You know education policy is one of the most contentious issues of the day. But did you know that teaching is the single largest occupation in the United States? So how is it teacher voices are so rarely heard in policy arenas?
Safe to say 2014 was the year teacher voices began ringing out loud and clear — and driving change. The following is a by-no-means-comprehensive list of educators who made themselves heard this year.
1. Deray McKesson. Teach for America alum and Minneapolis Public School HR Director Deray McKesson went to Ferguson, Missouri, immediately after Mike Brown was shot and began using social media to organize and document. Think Edward R. Murrow narrating the bombing of London, except via Twitter to 50,000 followers.
2. Tom Rademacher. No. 2 is practically a ringer on a list like this, having written for and spoken to audiences across the state and country during his tenure as Minnesota Teacher of the Year. Writing instructor Tom Rademacher knows he’s done his job well when he reads a piece of student writing that reflects a student’s voice, not the voice the student thinks the teacher wants to hear.
3. Jose Vilson. A bonus pick from Mr. Rad, as Rademacher’s students call him, is gifted writer Jose Vilson, a New York City teacher and author of “This Is Not a Test: A New Narrative on Race, Class, and Education.” Sayeth Rad: “Vilson speaks the truth, the often uncomfortable, powerful truth, about race and education. He is a rare teacher/writer who can see the whole map while staying centered in the experiences in his room.” I had the privilege last spring of hearing Vilson rap on stage about his calling and I concur.

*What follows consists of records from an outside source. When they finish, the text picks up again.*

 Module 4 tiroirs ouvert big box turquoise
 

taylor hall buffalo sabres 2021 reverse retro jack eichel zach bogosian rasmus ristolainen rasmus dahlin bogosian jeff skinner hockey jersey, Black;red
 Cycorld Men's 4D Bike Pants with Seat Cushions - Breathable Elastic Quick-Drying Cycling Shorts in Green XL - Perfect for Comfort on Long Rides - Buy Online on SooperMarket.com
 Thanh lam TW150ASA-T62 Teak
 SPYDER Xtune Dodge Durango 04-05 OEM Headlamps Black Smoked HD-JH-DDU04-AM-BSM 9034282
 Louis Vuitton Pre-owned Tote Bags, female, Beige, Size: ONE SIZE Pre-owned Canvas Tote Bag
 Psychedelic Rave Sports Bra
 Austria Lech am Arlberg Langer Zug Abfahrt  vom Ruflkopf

4. Holly Kragthorpe. Minneapolis Public Schools middle-school teacher and Minneapolis Federation of Teachers steward Holly Kragthorpe started the year as a blogging fellow at MinnCAN and ended it with a fat file of publication credits from places like the Huffington Post. (And, um, MinnPost.) She’s ruthlessly pragmatic and totally the wrong shape to wedge into any ideological box.
5. Lee-Ann Stephens. A former Minnesota Teacher of the Year, Lee-Ann Stephens works with students of color enrolled in high-rigor classes like Advanced Placement and International Baccalaureate. Her voice is heard in a number of venues, ranging from the board of directors for the National Board for Professional Teaching Standards to the recently launched publication Education Post.

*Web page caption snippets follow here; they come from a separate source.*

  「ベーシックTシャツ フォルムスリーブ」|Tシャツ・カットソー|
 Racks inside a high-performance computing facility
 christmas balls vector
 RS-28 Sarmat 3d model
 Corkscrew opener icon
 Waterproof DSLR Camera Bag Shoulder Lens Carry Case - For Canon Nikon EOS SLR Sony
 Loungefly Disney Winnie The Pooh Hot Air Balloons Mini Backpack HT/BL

6. Mary Cathryn Ricker. St. Paul middle school teacher and longtime union president Mary Cathryn Ricker’s voice was magnified many times over this year when she was elected executive vice president of the American Federation of Teachers. As head of the St. Paul federation, Ricker crafted a steady stream of novel contract agreements — often with inconsistent support from district asking for change.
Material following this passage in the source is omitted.